(Data excerpts)
▼

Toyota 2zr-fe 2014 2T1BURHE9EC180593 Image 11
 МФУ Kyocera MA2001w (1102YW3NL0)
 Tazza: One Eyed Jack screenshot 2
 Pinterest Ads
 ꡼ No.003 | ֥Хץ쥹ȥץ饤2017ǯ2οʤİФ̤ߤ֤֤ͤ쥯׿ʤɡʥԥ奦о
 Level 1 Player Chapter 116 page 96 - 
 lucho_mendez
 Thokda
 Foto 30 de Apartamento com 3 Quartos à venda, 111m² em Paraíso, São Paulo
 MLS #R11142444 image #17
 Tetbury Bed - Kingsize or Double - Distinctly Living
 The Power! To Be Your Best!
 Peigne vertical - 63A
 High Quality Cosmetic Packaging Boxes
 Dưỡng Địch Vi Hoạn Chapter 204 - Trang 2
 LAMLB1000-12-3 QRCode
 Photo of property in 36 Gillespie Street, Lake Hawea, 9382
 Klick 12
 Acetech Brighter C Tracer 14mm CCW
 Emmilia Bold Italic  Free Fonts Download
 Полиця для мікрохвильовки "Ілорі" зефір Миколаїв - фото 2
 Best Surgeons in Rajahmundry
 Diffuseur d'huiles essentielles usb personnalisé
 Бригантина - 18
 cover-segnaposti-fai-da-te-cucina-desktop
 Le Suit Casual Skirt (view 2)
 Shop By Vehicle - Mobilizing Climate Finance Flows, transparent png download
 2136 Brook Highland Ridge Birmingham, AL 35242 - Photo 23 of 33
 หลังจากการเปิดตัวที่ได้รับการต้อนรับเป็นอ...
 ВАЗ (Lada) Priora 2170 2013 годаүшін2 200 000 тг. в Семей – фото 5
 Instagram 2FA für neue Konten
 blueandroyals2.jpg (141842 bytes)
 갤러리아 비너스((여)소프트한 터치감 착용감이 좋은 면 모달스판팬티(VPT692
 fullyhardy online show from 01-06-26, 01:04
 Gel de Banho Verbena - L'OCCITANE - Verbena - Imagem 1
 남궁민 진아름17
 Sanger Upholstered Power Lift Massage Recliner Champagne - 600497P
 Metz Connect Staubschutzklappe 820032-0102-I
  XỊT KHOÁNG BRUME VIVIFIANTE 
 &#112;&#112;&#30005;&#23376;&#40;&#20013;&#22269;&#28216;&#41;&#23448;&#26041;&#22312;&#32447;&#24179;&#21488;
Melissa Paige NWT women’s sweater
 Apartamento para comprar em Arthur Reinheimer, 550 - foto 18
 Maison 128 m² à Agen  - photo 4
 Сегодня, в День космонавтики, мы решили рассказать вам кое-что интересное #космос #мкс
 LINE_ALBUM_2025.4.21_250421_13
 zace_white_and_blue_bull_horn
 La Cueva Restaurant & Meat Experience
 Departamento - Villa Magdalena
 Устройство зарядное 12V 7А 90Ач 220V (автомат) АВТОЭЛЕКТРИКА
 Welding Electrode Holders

▲

A faithful retyping of every entry above is the task.

Answer to the exercise:
Toyota 2zr-fe 2014 2T1BURHE9EC180593 Image 11
 МФУ Kyocera MA2001w (1102YW3NL0)
 Tazza: One Eyed Jack screenshot 2
 Pinterest Ads
 ꡼ No.003 | ֥Хץ쥹ȥץ饤2017ǯ2οʤİФ̤ߤ֤֤ͤ쥯׿ʤɡʥԥ奦о
 Level 1 Player Chapter 116 page 96 - 
 lucho_mendez
 Thokda
 Foto 30 de Apartamento com 3 Quartos à venda, 111m² em Paraíso, São Paulo
 MLS #R11142444 image #17
 Tetbury Bed - Kingsize or Double - Distinctly Living
 The Power! To Be Your Best!
 Peigne vertical - 63A
 High Quality Cosmetic Packaging Boxes
 Dưỡng Địch Vi Hoạn Chapter 204 - Trang 2
 LAMLB1000-12-3 QRCode
 Photo of property in 36 Gillespie Street, Lake Hawea, 9382
 Klick 12
 Acetech Brighter C Tracer 14mm CCW
 Emmilia Bold Italic  Free Fonts Download
 Полиця для мікрохвильовки "Ілорі" зефір Миколаїв - фото 2
 Best Surgeons in Rajahmundry
 Diffuseur d'huiles essentielles usb personnalisé
 Бригантина - 18
 cover-segnaposti-fai-da-te-cucina-desktop
 Le Suit Casual Skirt (view 2)
 Shop By Vehicle - Mobilizing Climate Finance Flows, transparent png download
 2136 Brook Highland Ridge Birmingham, AL 35242 - Photo 23 of 33
 หลังจากการเปิดตัวที่ได้รับการต้อนรับเป็นอ...
 ВАЗ (Lada) Priora 2170 2013 годаүшін2 200 000 тг. в Семей – фото 5
 Instagram 2FA für neue Konten
 blueandroyals2.jpg (141842 bytes)
 갤러리아 비너스((여)소프트한 터치감 착용감이 좋은 면 모달스판팬티(VPT692
 fullyhardy online show from 01-06-26, 01:04
 Gel de Banho Verbena - L'OCCITANE - Verbena - Imagem 1
 남궁민 진아름17
 Sanger Upholstered Power Lift Massage Recliner Champagne - 600497P
 Metz Connect Staubschutzklappe 820032-0102-I
  XỊT KHOÁNG BRUME VIVIFIANTE 
 &#112;&#112;&#30005;&#23376;&#40;&#20013;&#22269;&#28216;&#41;&#23448;&#26041;&#22312;&#32447;&#24179;&#21488;
Melissa Paige NWT women’s sweater
 Apartamento para comprar em Arthur Reinheimer, 550 - foto 18
 Maison 128 m² à Agen  - photo 4
 Сегодня, в День космонавтики, мы решили рассказать вам кое-что интересное #космос #мкс
 LINE_ALBUM_2025.4.21_250421_13
 zace_white_and_blue_bull_horn
 La Cueva Restaurant & Meat Experience
 Departamento - Villa Magdalena
 Устройство зарядное 12V 7А 90Ач 220V (автомат) АВТОЭЛЕКТРИКА
 Welding Electrode Holders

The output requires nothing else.